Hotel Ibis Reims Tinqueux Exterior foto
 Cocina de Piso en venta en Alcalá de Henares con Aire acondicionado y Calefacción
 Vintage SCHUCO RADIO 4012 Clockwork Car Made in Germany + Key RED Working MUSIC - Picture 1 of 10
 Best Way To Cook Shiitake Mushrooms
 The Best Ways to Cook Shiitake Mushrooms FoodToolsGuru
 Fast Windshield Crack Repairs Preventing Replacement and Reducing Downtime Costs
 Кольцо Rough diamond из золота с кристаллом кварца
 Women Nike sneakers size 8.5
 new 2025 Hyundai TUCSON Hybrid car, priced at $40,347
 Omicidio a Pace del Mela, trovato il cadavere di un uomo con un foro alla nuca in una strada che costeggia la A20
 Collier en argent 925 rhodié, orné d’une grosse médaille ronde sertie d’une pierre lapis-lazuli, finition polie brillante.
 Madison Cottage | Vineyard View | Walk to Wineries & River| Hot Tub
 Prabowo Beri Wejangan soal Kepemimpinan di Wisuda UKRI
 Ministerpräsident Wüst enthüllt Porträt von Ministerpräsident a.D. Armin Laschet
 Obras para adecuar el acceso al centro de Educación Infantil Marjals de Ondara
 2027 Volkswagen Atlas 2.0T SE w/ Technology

■ What is being asked
The answer must consist of the lines from the one with "new 2025 Hyundai" through the final line of the entries above, exactly as they are, and nothing else.

■ The answer
 new 2025 Hyundai TUCSON Hybrid car, priced at $40,347
 Omicidio a Pace del Mela, trovato il cadavere di un uomo con un foro alla nuca in una strada che costeggia la A20
 Collier en argent 925 rhodié, orné d’une grosse médaille ronde sertie d’une pierre lapis-lazuli, finition polie brillante.
 Madison Cottage | Vineyard View | Walk to Wineries & River| Hot Tub
 Prabowo Beri Wejangan soal Kepemimpinan di Wisuda UKRI
 Ministerpräsident Wüst enthüllt Porträt von Ministerpräsident a.D. Armin Laschet
 Obras para adecuar el acceso al centro de Educación Infantil Marjals de Ondara
 2027 Volkswagen Atlas 2.0T SE w/ Technology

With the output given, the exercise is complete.